Jennifer Rubin is unhappy that the Obama administration has refrained from more fully intervening in Syria's insurgency:
The inaction of this administration is a disgrace. It may have no domestic political repercussions (foreign policy is not uppermost in voters’ minds), but it has horrendous ramifications for the Syrian people. And someday, a future president will perhaps go to the U.S. Holocaust museum to decry how “this evil was allowed to happen.” The answer: The United States had a president who couldn’t be bothered to do more than make self-serving speeches.
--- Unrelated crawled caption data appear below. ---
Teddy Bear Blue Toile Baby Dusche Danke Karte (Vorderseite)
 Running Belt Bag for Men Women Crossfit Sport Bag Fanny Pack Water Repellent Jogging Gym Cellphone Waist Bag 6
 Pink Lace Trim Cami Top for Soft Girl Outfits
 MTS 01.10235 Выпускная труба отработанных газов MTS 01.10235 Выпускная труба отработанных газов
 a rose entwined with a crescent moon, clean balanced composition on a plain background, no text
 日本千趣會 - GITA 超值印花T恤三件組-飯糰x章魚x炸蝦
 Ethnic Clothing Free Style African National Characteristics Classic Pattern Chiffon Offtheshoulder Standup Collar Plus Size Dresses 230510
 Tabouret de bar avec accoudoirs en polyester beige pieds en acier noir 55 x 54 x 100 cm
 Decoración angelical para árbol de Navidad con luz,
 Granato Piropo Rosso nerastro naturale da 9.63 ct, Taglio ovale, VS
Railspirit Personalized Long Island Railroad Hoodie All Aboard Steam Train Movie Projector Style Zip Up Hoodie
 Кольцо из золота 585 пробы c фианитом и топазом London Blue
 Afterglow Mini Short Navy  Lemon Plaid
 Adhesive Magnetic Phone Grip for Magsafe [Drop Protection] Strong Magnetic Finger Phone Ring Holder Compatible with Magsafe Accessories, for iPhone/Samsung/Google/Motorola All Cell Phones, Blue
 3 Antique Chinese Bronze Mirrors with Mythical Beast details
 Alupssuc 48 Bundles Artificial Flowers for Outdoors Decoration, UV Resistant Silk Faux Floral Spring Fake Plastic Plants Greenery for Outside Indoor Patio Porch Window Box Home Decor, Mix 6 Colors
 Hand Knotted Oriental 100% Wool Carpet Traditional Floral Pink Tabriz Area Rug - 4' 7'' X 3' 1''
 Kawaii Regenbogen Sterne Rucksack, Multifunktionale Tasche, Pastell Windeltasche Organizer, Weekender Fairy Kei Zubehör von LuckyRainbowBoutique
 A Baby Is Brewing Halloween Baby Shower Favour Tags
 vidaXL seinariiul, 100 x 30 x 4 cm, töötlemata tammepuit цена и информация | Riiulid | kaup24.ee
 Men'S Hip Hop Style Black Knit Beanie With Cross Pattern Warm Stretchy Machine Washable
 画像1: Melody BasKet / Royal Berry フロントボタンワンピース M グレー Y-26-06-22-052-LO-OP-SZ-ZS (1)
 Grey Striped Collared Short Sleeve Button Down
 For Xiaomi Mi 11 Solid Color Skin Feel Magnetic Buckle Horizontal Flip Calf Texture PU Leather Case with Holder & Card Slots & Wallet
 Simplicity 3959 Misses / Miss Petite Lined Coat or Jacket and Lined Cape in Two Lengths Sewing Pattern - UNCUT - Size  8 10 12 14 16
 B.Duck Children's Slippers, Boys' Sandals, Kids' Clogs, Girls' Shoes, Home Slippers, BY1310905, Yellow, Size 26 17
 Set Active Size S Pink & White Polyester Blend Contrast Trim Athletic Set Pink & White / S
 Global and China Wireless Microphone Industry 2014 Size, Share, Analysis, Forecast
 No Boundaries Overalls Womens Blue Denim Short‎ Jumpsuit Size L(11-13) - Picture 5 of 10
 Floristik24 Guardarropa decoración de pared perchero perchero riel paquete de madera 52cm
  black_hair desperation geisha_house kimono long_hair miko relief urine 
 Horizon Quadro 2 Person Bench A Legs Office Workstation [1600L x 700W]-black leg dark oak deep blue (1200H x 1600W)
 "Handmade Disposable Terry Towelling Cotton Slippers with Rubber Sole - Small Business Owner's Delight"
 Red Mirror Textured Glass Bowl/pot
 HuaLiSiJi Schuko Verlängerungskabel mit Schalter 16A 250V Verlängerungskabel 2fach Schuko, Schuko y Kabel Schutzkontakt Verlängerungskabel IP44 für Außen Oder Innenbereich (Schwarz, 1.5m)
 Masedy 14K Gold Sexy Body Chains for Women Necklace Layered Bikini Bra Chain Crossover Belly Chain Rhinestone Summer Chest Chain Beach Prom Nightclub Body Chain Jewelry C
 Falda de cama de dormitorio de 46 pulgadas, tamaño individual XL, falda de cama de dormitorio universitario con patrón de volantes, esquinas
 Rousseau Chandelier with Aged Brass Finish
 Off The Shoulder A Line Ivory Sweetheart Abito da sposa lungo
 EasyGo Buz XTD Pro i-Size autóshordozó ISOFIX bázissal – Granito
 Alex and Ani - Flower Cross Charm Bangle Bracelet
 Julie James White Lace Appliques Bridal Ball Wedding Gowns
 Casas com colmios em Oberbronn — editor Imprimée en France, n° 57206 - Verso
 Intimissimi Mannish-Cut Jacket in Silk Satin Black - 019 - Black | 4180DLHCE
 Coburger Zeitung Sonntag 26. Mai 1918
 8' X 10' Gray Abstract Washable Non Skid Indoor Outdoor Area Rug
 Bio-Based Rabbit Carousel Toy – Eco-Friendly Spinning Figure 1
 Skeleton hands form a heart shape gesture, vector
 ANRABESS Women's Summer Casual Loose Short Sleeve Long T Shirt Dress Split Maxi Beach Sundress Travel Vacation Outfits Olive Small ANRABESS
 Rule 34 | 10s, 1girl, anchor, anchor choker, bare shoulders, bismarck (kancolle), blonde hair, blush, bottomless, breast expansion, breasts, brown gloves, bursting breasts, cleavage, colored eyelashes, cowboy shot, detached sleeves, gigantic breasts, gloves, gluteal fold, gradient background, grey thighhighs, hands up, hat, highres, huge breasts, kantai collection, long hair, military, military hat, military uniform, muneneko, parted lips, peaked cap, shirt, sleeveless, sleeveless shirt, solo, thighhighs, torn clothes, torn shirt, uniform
It's odd that U.S. presidents are expected to apologize and feel ashamed for the massacres they had somehow failed to prevent, yet apologizing for bona-fide instances of U.S. atrocities (or U.S.-assisted massacres) is a disgrace.
As for the matter at hand: Turning Syria into a proxy-war theater between the U.S. and Iran would also have horrendous ramifications for the Syrian people. So would a drawn-out civil or sectarian war. You could understand someone coming to the conclusion that aiding Syria's rebels would avoid the worst of these outcomes or that such bloodshed is the price to pay to hem in Iran if they would honestly grapple with these possibilities, but Rubin blithely ignores them altogether. Instead, the only route to salvation for the Syrian people is a period of intense civil war that topples the government, followed by the installation - as if by magic - of a new, more enlightened regime. Easy!
What certainly won't happen, in Rubin's mind, is a replay of Iraq, Afghanistan or Libya, where the U.S. toppled a regime only to watch insurgency, civil war or institutional disarray take hold. I wish I were so optimistic.